Pipeline Pattern implementation in Scala

Primary LanguageScalaMIT LicenseMIT

Pipeline Pattern

In software engineering, a pipeline consists of a chain of processing elements (processes, threads, coroutines, functions, etc.), arranged so that the output of each element is the input of the next; the name is by analogy to a physical pipeline.

alt text

The filter transforms or filters the data it receives via the pipes with which it is connected. A filter can have any number of input pipes and any number of output pipes.

The pipe is the connector that passes data from one filter to the next. It is a directional stream of data, that is usually implemented by a data buffer to store all data, until the next filter has time to process it.

Introduction

This project allows you to implement the pipeline pattern while creating reusable pipelines in your Scala applications. You can create pipelines consisting of one or more filters and then process them synchronous or asynchronous. Pipeline processing is initiated by some payload(input) and this payload will be passed and transformed from filter to filter in order to complete the required process.

Usage

In order to create a pipeline you must specify type of initial payload.
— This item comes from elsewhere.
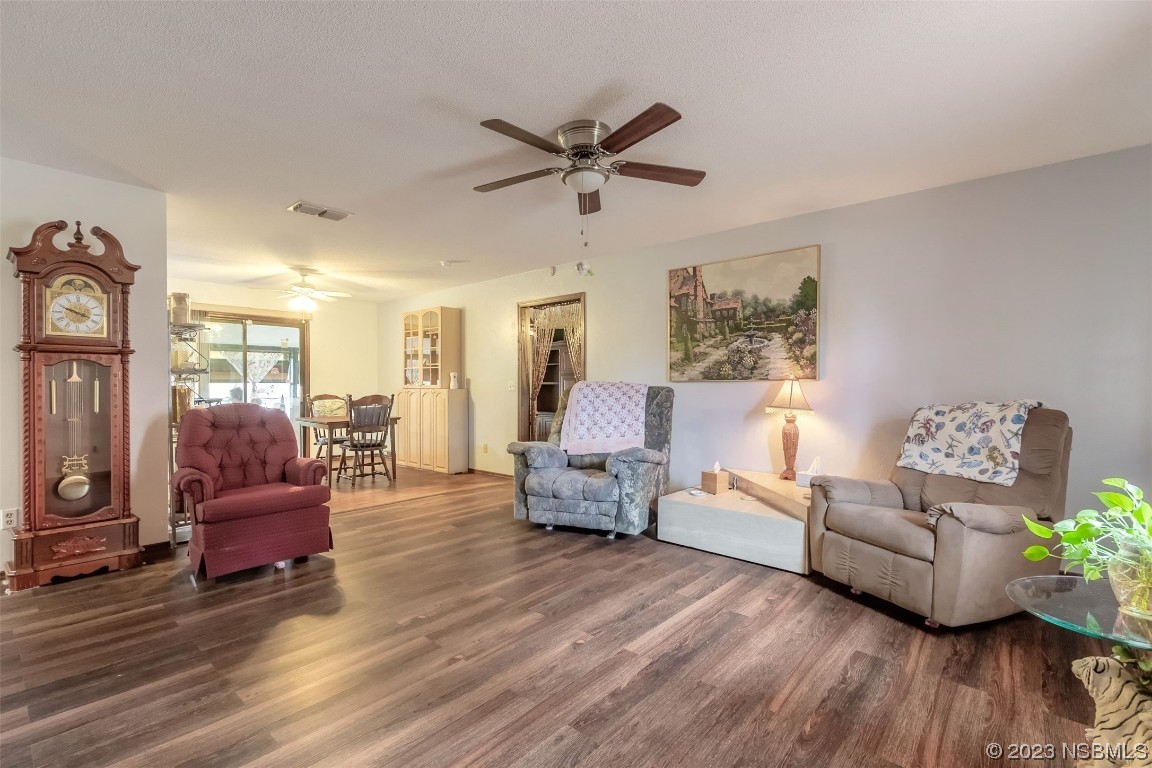 2804 Mango Tree Drive Edgewater, FL 32141 - Photo 5 of 29 a living room with furniture and a wooden floor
import com.cosmin.pipeline.Pipeline

val pipeline = Pipeline[Int, Int]()

Operations in a pipeline i.e. filters can be classes that extends Filter trait or pure functions that receive a input and returns processed input. In the below example we add Sqrt filter and an anonymus filter who creates a string message with the sqrt value of the input.

import com.cosmin.pipeline.{Filter, Pipeline}

class Sqrt extends Filter[Int, Double] {
  override def execute: Int => Double = input => Math.sqrt(input)
}

val pipeline = Pipeline[Int, Int]() | new Sqrt | (sqrt => s"Sqrt: $sqrt!")

After pipeline filters was added we can process them using execute method of pipeline who take as parameter initial payload and a callback(onComplete) as curried parameter to be called when pipeline was processed. Callback receive as input parameter a Try object with the value of the last filter output in case of success.

pipeline.execute(4) {
  case Success(output) => println(output)// print to console: Sqrt: 2.0!
}

Word Count Example

Objective: count appearances of a word in text file
    cat "myText.txt" | grep "hello" | wc -l
Define filters
import com.cosmin.pipeline.{Filter, Pipeline}
import scala.io.Source

class Cat() extends Filter[String, Seq[String]]{
  override def execute: String => Seq[String] = file => Source.fromFile(file).getLines.toSeq
}

object Cat {
  def apply(): Cat = new Cat()
}

class Grep(word: String) extends Filter[Seq[String], Seq[String]] {
  override def execute: Seq[String] => Seq[String] = lines => lines.filter(_.contains(word))
}

object Grep {
  def apply(word: String): Grep = new Grep(word)
}

class Count extends Filter[Seq[String], Int] {
  override def execute: Seq[String] => Int = lines => lines.count(_ => true)
}

object Count {
  def apply(): Count = new Count()
}
Building the pipeline
import com.cosmin.pipeline.{Filter, Pipeline}
val pipeline = Pipeline[String, String]() | Cat() | Grep("hello") | Count()
Execute the pipeline
 pipeline.execute("myText.txt") {
    case Success(output) => println(s"word 'hello' was found on $output lines")
  }

Code above print to console 'word 'hello' was found on 3 lines' for the file https://github.com/cosminseceleanu/scala-pipeline/blob/master/myText.txt

ToDo

  • async examples
  • executor using akka actors
  • tests